In fact, most genes in the human genome are thought to be regulated by one or more miRNAs (Lewis et al. 2005), and each miRNA can regulate a larger number of target mRNAs (Fabian et al. 2010). Because of their ability to regulate gene expression, miRNAs has been shown to play important roles in many physiological and developmental processes, as well as human diseases (for review, see (Sayed & Abdellatif 2011)).
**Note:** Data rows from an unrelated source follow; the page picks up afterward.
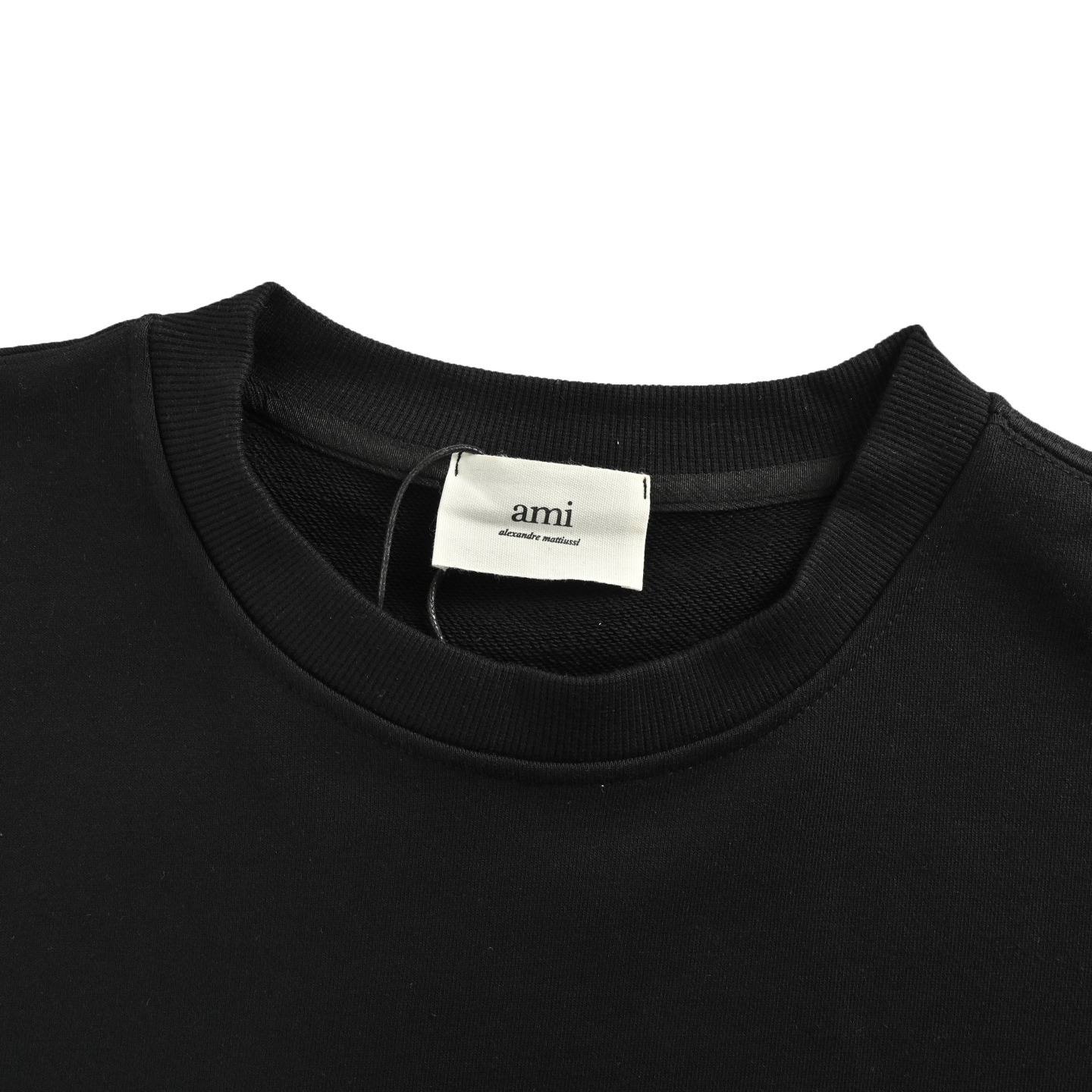 Ami Paris 25Fw 小字母圆领卫衣 480g高级精梳棉面料-Chinese UA Cheap High Quatity Brand Clothes Bags handbags Sneakers wholesale wholesaler seller from China Factory suppliers Fashion Clothing Shoes best Quality Beautiful Price Ami Paris 25Fw 小字母圆领卫衣 480g高级精梳棉面料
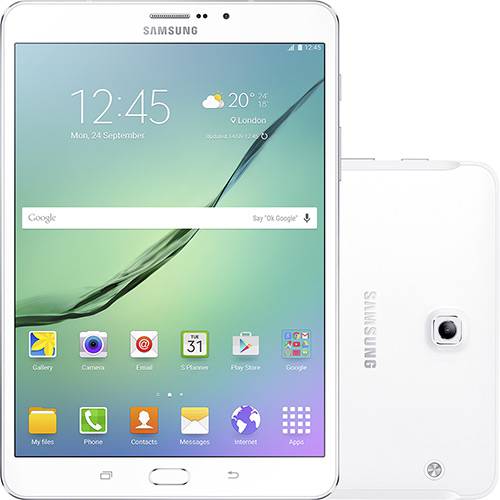 Tablet Samsung Galaxy Tab S2 T719 32GB Wi-Fi 4G Tela 8" Android Processador Octa-Core - Branco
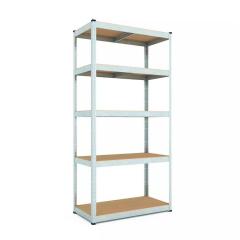 Фото Стеллаж Меткас Бюджет (1800х900х450 мм) 175 кг/полку, 5...  - Магазин MASMART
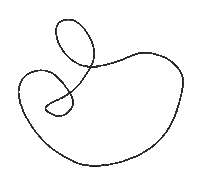 Animation Heart Sticker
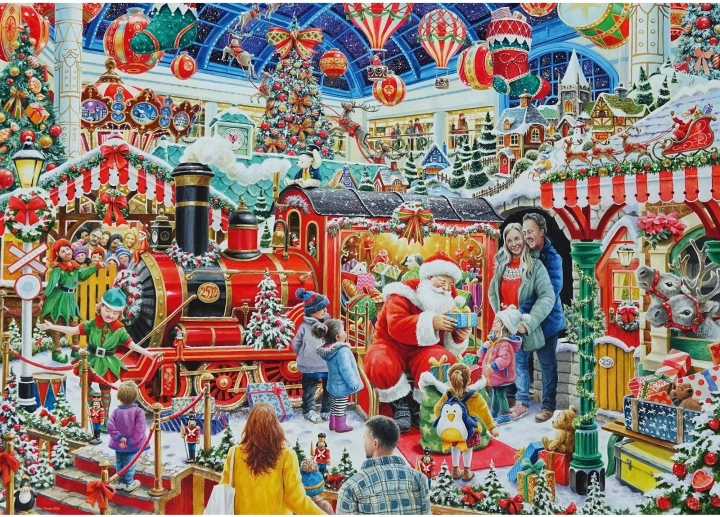 Ravensburger puzzle Karácsony 1000 darab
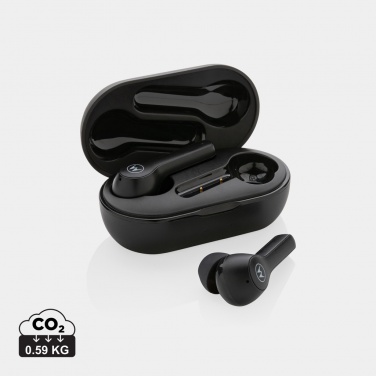 Logo trade promotional products image of: Motorola IPX5 TWS MOTO buds 85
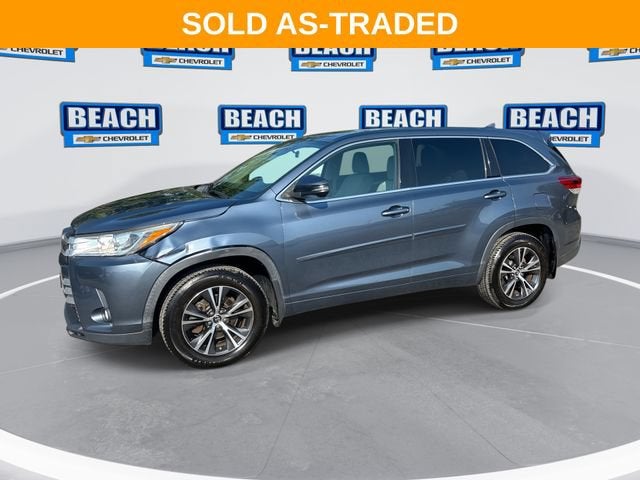2017 Toyota Highlander LE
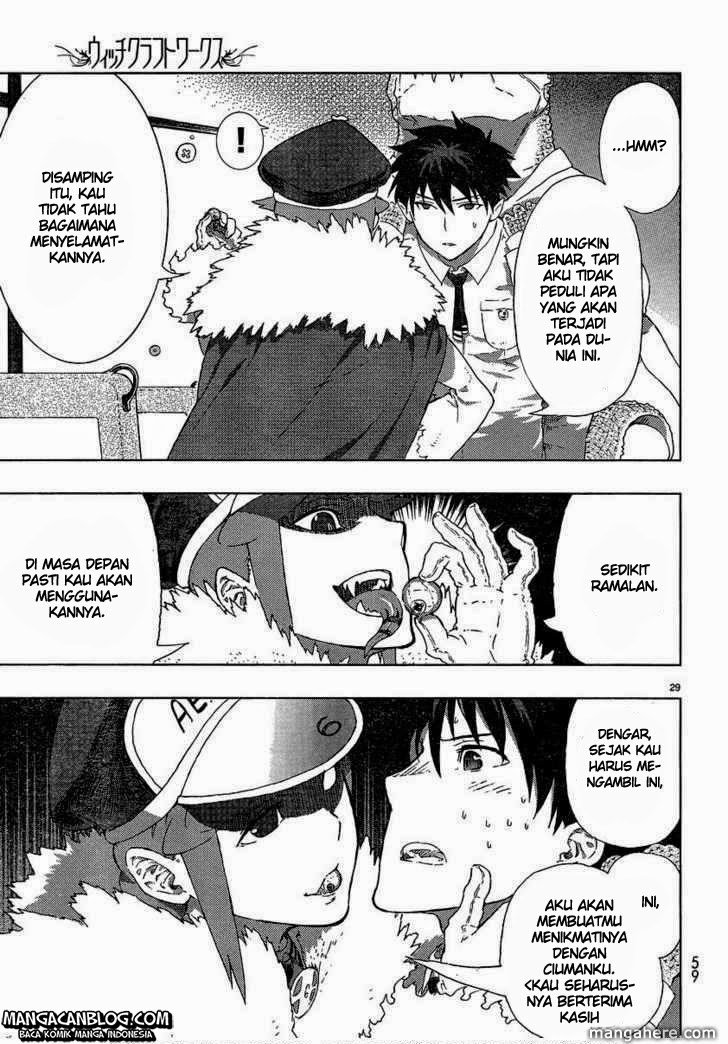 Witchcraft Works Chapter 05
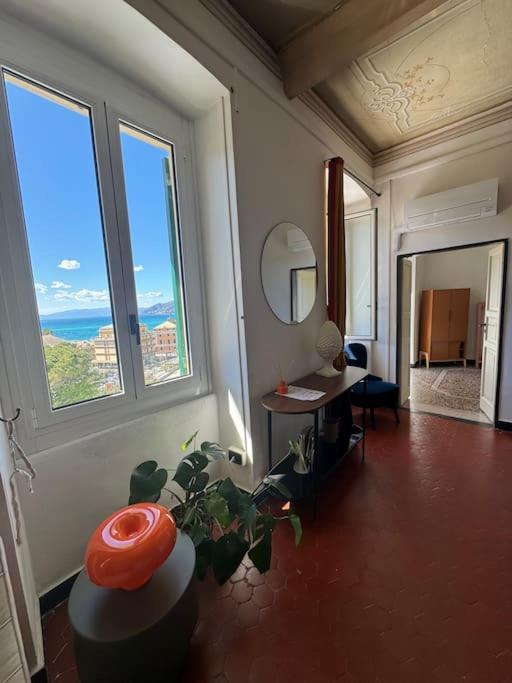 Appartement Tripla Finestra Sul Mare à Camogli Extérieur photo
In this review, I will discuss our current understanding on the regulation of growth by miRNAs, primarily focusing on two areas: the regulation by miRNAs of longitudinal bone growth and of overall body growth.

Longitudinal Bone Growth: Endochondral Ossification

Longitudinal bone growth represents an important component of overall body growth in mammals. During embryonic development, bone formation begins with the condensation of mesenchymal stem cells. In a few places of our body, such as in the skull, mesenchymal condensations differentiate directly into bone-forming osteoblasts. These osteoblasts form bones by laying down bone matrix, mostly composed of type I collagen, and this process is called intramembranous bone formation. However, in most other condensations, bones are formed by a different process known as endochondral ossification (for review, see (Kronenberg 2003)). In this process, mesenchymal stem cells first differentiate into type II collagen-producing chondrocytes, forming a cartilage mold. This cartilage mold gradually expands due to chondrocyte proliferation. Then in the center of the cartilage, cells stop dividing and start enlarging to become type X collagen-producing hypertrophic chondrocytes. These hypertrophic chondrocytes drive cartilage matrix mineralization and eventually undergo apoptosis, leaving a scaffold of cartilage matrix for invasion of osteoblasts to lay down bone matrix in the center of the cartilage, known as the primary ossification center. This process of chondrocyte proliferation, followed by hypertrophy and osteoblast invasion lead to the formation and lengthening of long bones, which significantly contribute to the overall increase in body size and length.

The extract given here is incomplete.